Tata Łukaszka został wezwany do szkoły.
– Co żeś przeskrobał? – zapytał syna.
– Nic.
– Coś musiało być, za nic nie wzywają do szkoły. Jest źle? Zbiłeś szybę? Ukradłeś dziennik?
– Może parę razy wyraziłem własne zdanie…
– To jeszcze gorzej – tacie Łukaszka wyciągnęła się twarz.
Wyciągnęła się jeszcze bardziej kiedy poszedł do szkoły. Trafił bowiem na panią pedagog, która była bardzo zbulwersowana jednym przypadkiem wyrażenia własnego zdania przez Łukaszka.
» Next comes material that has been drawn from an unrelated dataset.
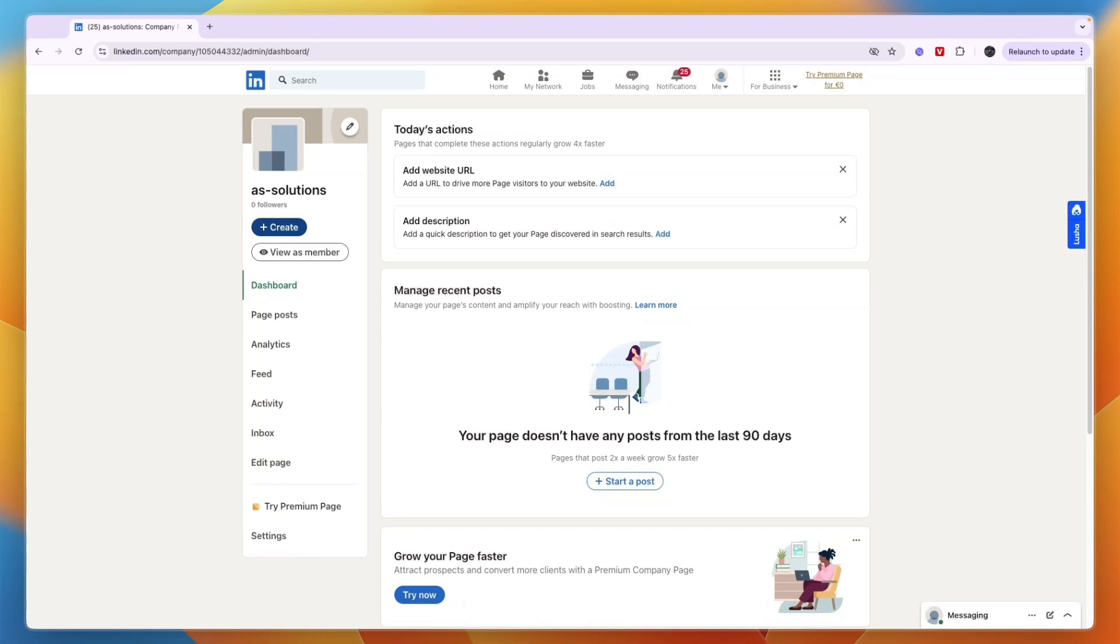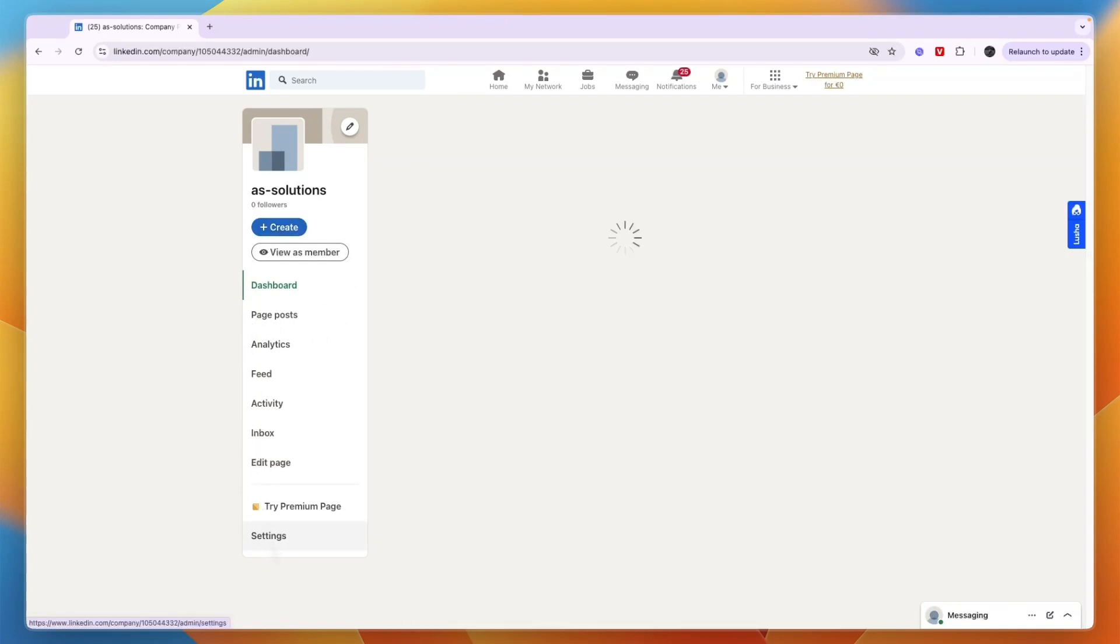Here's how to add an admin on your LinkedIn company page. To do this, first just go to your company page and then in the bottom click on settings.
– Żyjemy w wolnym kraju. Ma prawo mieć własne zdanie – oświadczył z godnością tata Łukaszka.
– Ale nie takie! – piała purpurowa z gniewu pani pedagog. – Przecież to jest skandal, żeby w dwudziestym pierwszym wieku mieć takie poglądy!
– A co on takiego powiedział?
– Że feminizm kończy się kiedy trzeba odkręcić słoik!
Tata Łukaszka z trudem ukrył uśmiech.
– Co się pani tak gorączkuje, przecież to dziecko.
– Ładne mi dziecko! A najgorsze proszę pana jest to, że on jest w błędzie! Tak, tak! Otóż ja jestem feministką i potrafię odkręcić słoik! No! I co pan na to?!
– Polecam pani do przeczytanie „Strasznych mieszczan” – tata Łukaszka wstał.
– Tam jest coś o słoikach? – wołała jeszcze pani pedagog, ale tata Łukaszka już poszedł.
W domu tata miał do swojego syna tylko jedną prośbę – żeby już więcej tego nie robił.
– A co z tym teraz? – zaniepokoił się Łukaszek.
– Nie przejmuj się. Ludzie zapomną.
No i niestety t akurat tata Łukaszka pomylił się i to bardzo. Ludzie bowiem nie zapomnieli.
Otóż Gruby Maciek wrzucił jego tekst do mediów społecznościowych. Okularnik z trzeciej ławki zrobił z tego mema. A dalej to już poleciało.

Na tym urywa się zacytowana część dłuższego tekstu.